# What is needed
Restate the data that follows exactly as it stands, beginning with the first line and ending with the line that contains "401 Peachtree Place Property Photo 3".

>>>

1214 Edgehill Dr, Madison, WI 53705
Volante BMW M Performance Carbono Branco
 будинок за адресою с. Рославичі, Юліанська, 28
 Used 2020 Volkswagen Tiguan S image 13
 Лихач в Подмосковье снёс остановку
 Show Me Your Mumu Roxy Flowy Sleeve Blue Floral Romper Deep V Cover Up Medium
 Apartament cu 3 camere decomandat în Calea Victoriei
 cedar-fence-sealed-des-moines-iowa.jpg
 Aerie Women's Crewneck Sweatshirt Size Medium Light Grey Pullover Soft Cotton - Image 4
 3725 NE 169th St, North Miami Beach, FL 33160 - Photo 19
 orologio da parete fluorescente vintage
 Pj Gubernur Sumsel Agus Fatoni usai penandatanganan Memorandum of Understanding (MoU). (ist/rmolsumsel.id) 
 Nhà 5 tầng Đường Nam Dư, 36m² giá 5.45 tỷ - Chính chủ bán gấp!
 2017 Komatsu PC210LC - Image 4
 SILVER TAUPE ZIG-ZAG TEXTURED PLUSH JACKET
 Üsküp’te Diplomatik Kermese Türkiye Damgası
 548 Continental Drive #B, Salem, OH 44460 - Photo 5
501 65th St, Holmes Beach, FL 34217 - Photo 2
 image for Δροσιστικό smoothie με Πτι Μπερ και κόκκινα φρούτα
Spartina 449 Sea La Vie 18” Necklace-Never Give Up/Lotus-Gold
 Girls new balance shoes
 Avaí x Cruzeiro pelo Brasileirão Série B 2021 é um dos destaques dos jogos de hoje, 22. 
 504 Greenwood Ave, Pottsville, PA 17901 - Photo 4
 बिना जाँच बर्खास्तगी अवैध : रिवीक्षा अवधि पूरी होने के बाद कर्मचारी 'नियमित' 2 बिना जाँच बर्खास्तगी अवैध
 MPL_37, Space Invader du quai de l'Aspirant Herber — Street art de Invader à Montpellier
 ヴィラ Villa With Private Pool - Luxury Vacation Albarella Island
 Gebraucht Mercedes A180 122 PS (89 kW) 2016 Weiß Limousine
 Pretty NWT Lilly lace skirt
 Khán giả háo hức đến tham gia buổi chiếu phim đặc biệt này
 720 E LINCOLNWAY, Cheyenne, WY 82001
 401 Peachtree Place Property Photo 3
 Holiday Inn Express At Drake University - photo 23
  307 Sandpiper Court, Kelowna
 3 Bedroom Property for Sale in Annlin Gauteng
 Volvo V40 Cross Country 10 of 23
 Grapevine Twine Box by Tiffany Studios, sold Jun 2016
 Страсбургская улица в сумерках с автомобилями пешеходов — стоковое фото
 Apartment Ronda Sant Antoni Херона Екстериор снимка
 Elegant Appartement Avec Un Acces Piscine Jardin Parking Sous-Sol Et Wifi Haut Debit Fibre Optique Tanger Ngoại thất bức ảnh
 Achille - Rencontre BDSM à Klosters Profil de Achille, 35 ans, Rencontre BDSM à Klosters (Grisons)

<<<

# Response area
1214 Edgehill Dr, Madison, WI 53705
Volante BMW M Performance Carbono Branco
 будинок за адресою с. Рославичі, Юліанська, 28
 Used 2020 Volkswagen Tiguan S image 13
 Лихач в Подмосковье снёс остановку
 Show Me Your Mumu Roxy Flowy Sleeve Blue Floral Romper Deep V Cover Up Medium
 Apartament cu 3 camere decomandat în Calea Victoriei
 cedar-fence-sealed-des-moines-iowa.jpg
 Aerie Women's Crewneck Sweatshirt Size Medium Light Grey Pullover Soft Cotton - Image 4
 3725 NE 169th St, North Miami Beach, FL 33160 - Photo 19
 orologio da parete fluorescente vintage
 Pj Gubernur Sumsel Agus Fatoni usai penandatanganan Memorandum of Understanding (MoU). (ist/rmolsumsel.id) 
 Nhà 5 tầng Đường Nam Dư, 36m² giá 5.45 tỷ - Chính chủ bán gấp!
 2017 Komatsu PC210LC - Image 4
 SILVER TAUPE ZIG-ZAG TEXTURED PLUSH JACKET
 Üsküp’te Diplomatik Kermese Türkiye Damgası
 548 Continental Drive #B, Salem, OH 44460 - Photo 5
501 65th St, Holmes Beach, FL 34217 - Photo 2
 image for Δροσιστικό smoothie με Πτι Μπερ και κόκκινα φρούτα
Spartina 449 Sea La Vie 18” Necklace-Never Give Up/Lotus-Gold
 Girls new balance shoes
 Avaí x Cruzeiro pelo Brasileirão Série B 2021 é um dos destaques dos jogos de hoje, 22. 
 504 Greenwood Ave, Pottsville, PA 17901 - Photo 4
 बिना जाँच बर्खास्तगी अवैध : रिवीक्षा अवधि पूरी होने के बाद कर्मचारी 'नियमित' 2 बिना जाँच बर्खास्तगी अवैध
 MPL_37, Space Invader du quai de l'Aspirant Herber — Street art de Invader à Montpellier
 ヴィラ Villa With Private Pool - Luxury Vacation Albarella Island
 Gebraucht Mercedes A180 122 PS (89 kW) 2016 Weiß Limousine
 Pretty NWT Lilly lace skirt
 Khán giả háo hức đến tham gia buổi chiếu phim đặc biệt này
 720 E LINCOLNWAY, Cheyenne, WY 82001
 401 Peachtree Place Property Photo 3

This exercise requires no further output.